La Gazette Mai 2018. En stand-by

Retour de Méditerranée… Au programme ? Un billet « Toute l’Europe avec Interrail« . Au final ? Ancrage local, en stand-by, en attendant un nouveau foyer. Celui qui vient clore neuf ans d’errance immobilière. Voyage qui parfois nous résiste. Rien ne sert de s’agiter quand le mouvement décide de s’arrêter.

 

On voudrait bouffer du bitume, courir partout, que chaque jour de « vacance » soit utile. On veut du sens, de l’action. On veut de la PRODUCTIVITÉ ! Et puis le corps résiste, les finances résistent, la volonté résiste, l’imagination résiste. La to-do list résiste. Même le sommeil résiste. C’est le rien, le néant, le nada. L’attente. Figée. En zone tampon, au pied d’une montagne bi-nationale… Rien ne sert de s’obstiner, option capitulation.

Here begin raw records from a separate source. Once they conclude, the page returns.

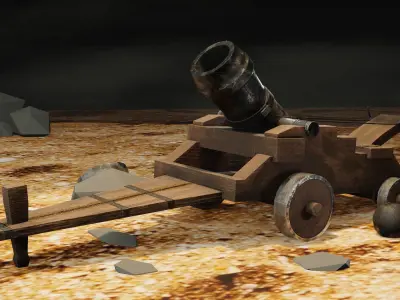 Stylized Mortar Weapon Wood 4k Textures PBR Low-poly game ready Low-poly 3D model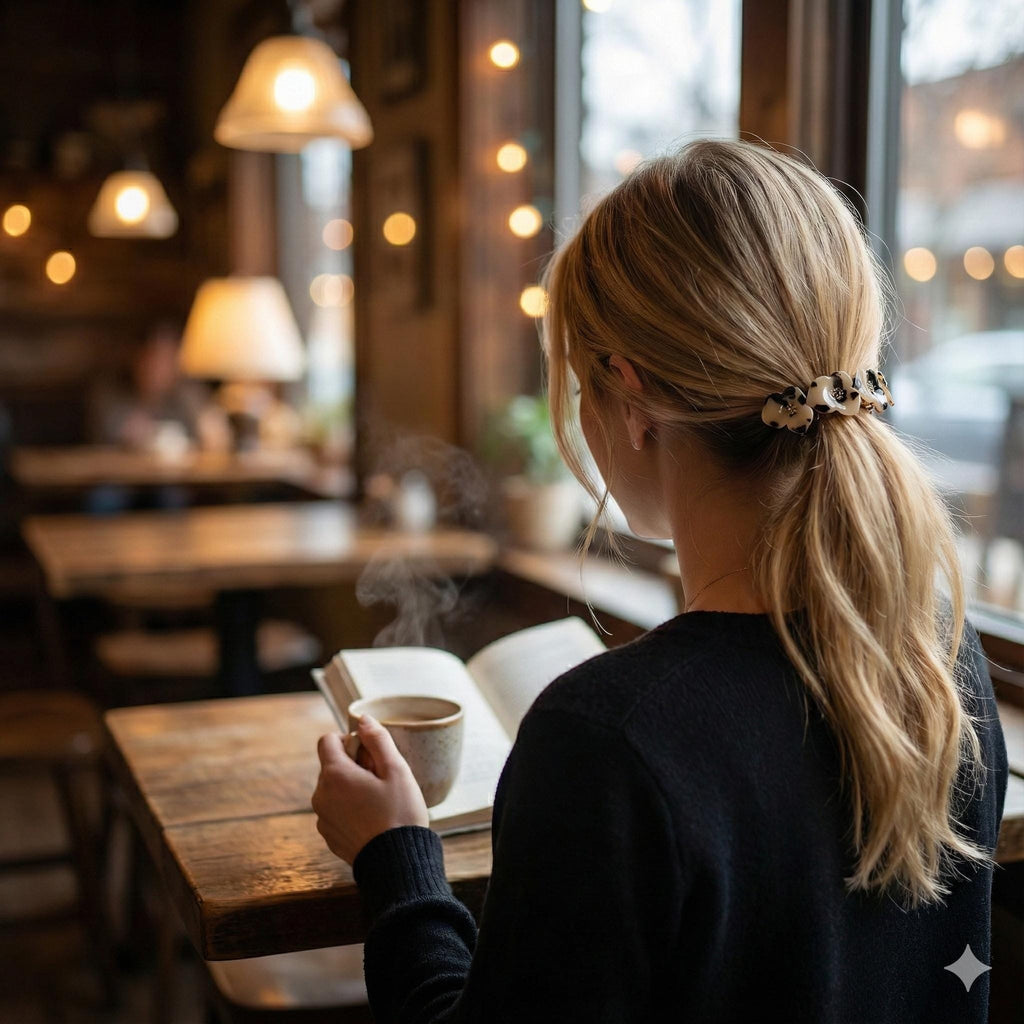 Pastel Color Cubic Flower Hair Barrette (4,0 Inch) / Luxurious French Hair Pin / Automatic Hair Clip / Floral Hair Clip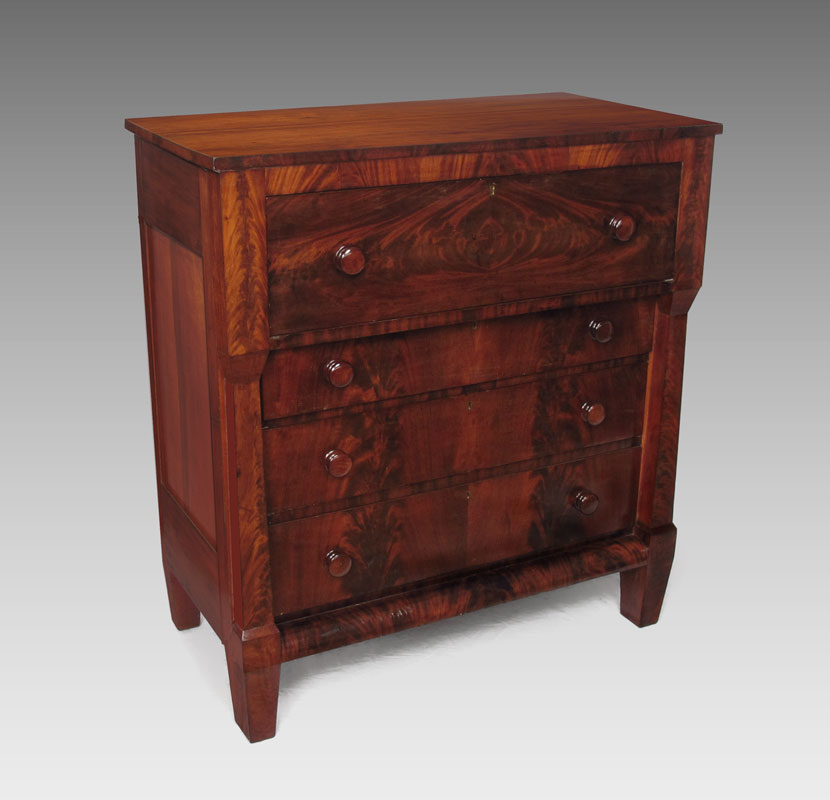 AMERICAN EMPIRE 4 DRAWER DRESSER:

Départ pour dix jours d’Europe en train. Un temps pour soi, instants suspendus et mouvement continu dans une Europe en suspension. En route pour Augsburg et son hôtel Cosmopolis, avant de rallier Vienne, Prague, Budapest, Leipzig, Berlin. Vers l’Est, vers ces vestiges, ce monumental passé, ce présent figé. Vers des origines aussi. Mais l’esthétique, à mesure que le train avance vers le Nord, me laisse froide. Trop d’ordre, trop d’angles droits. Rien ne me dit. Plus d’énergie. Vidée. Aller-retour et puis s’en va. Après le coeur du monde, son chaos, sa vitalité, envie de Méditerranée. Alors partons pour Naples puisqu’il en est ainsi ! J’y partirai effectivement. En rêverie. Sur l’appli. Je partirai cent fois, planifiant et replanifiant d’éventuels d’itinéraires s’amenuisant à mesure que la semaine avançait. Je me résoudrai finalement à défaire mon sac à dos. Ne capitulant qu’à moitié, tentant encore le voyage transfrontalier, puis local… Sans succès là non plus. Pas de sève, plus de jus. Finalement je me contenterai d’un World Food Festival sur la place centrale de ma future cité…

Voyages avortés. Temps mort imposé. Délices du temps suspendu à oublier. Un petit tour de swing ? non merci. Que m’arrive-t-il ? No idea. Alors j’attends. Mon esprit vacille entre deux moments de vie. Je me décide finalement à prolonger un voyage qui m’habite encore pleinement avec une petite séance de Foxtrot et une lecture qui comme toujours, arrive à point nommé. Pour conjurer l’angoisse et la culpabilité de n’avoir pas su mettre à profit, c’est encore la littérature qui vient me sauver. Une lecture qui traite beaucoup de Lui, aussi. On reste dans le thème ainsi 😉 avec le délicieux « roman » du monde de Jean d’O, qui nous rappelle que « C’est une chose étrange à la fin que le monde« . Et puis je partirai pour Vienne finalement. Ma drôle de semaine de presque rien vêtue s’achevant avec un portrait de la nouvelle Vienne… d’extrême-droite. Regrets muselés.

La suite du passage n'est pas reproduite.